47 Praising God, and having favour with all the people. And the Lord added to the church daily such as should be saved.
These new Christians were “praising God,” not only for their secular blessings and pleasures of life, which they shared with each other in a pleasant and joyful manner; but for their spiritual blessings—that the Lord had been pleased to call them by His grace, and reveal Christ to them, and pardon them who had been such vile sinners, give them a name, and a place in his house, and provide them with such agreeable and delightful company to have fellowship with, as the saints were.
and having favour with all the people.
“Having favor with all the people” indicates they not only behaved with true brotherly love towards their brothers and sisters in Christ, but that they treated those outside the fellowship as they would like to be treated; courteously and kindly, and that they lived a life that honored God and their religion, which gained for them the good-will of the people.
And the Lord added to the church daily such as should be saved.
“And the Lord” is a reference to Jesus, as the glorified Head and Ruler of the Church. It was the Lord who did this. There was no power in man to do it; and the Christian loves to trace all the increase of the church to the grace of God: “Nevertheless, more and more men and women believed in the Lord and were added to their number” (Acts 5.14).
The word rendered "church" means "those who are called out," and is applied to Christians who are being called out, or separated from the world. He began with the three thousand converts on Pentecost, but following that miraculous event, converts were added daily (And continued to be added for a long time after Pentecost) by the ministry of the word—many souls were won and “added to the church” (The Holy Spirit caused or inclined them to be joined to the church.); the Holy Spirit inclined their hearts to give themselves to the church, and follow all the ordinances and commands of the Lord. Each one was chosen by God, and each was redeemed by the Lord Jesus’ precious blood, were regenerated and sanctified by the Spirit of God, and so were surely saved; but that cannot always be said about persons added to churches, many of them are not truly saved, and so they soon fall away; but these were added by the Lord, and there is a world of difference between being added by the Lord, and being added by men.

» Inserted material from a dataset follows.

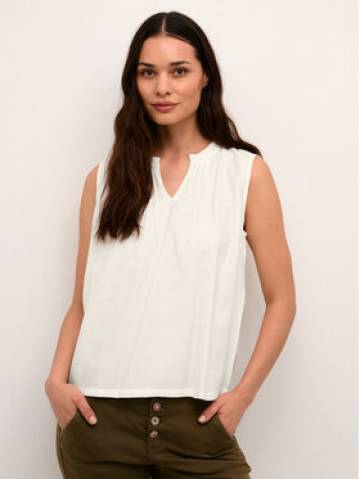 Cream Блузка Liselin 10609455 Білий Regular Fit Cream Блузка Liselin 10609455 Білий Regular Fit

“Such as should be saved” simply expresses the fact that there were those who would be, or who were about to be saved. It is clear, however, from this expression, that those who became members of the church were those who gave proof that they were sincere Christians; such as their life changed for the better, and they were not ashamed of the gospel of Christ. It is implied here, also, that those who are to be saved will join themselves to the church of God. This is almost universally required; and it constitutes one more evidence of piety when they are willing to face the world, and give themselves to the service of the Lord Jesus. Two remarks may be made regarding this last verse of this chapter; one is, that the effect of a consistent Christian life will be to command the respect of the world; and the other is that the effect will be the steady increase in the number of those who are saved. In this case, they were adding to the church on a daily basis and their number was constantly increasing; and the same result may be expected today where there is similar zeal, self-denial, consistency, and prayer.
The appeal in verse 40 was "Save yourselves from this crooked generation." Those who were added to the Church were those who complied with this request, and escaped from complicity with their unbelieving countrymen. They were the remnant that escaped—“Whoever believes and is baptized will be saved, but whoever does not believe will be condemned” (Mark 16:16)—Believes the gospel message; believes in Christ as his Savior. And is baptized. These are the conditions of pardon; faith in Christ and obedience to his command. If anyone does not have enough faith in Christ to obey him, his salvation may be in question. “He that believeth not” remains in a state of unbelief and cannot enter into the kingdom of God—“Whoever believes in him is not condemned, but whoever does not believe stands condemned already because he has not believed in the name of God's one and only Son” (John 3:18).
This is God’s prescription for church growth. If we will follow the example of Acts 2:42-47a, God will take care of growing the church Himself.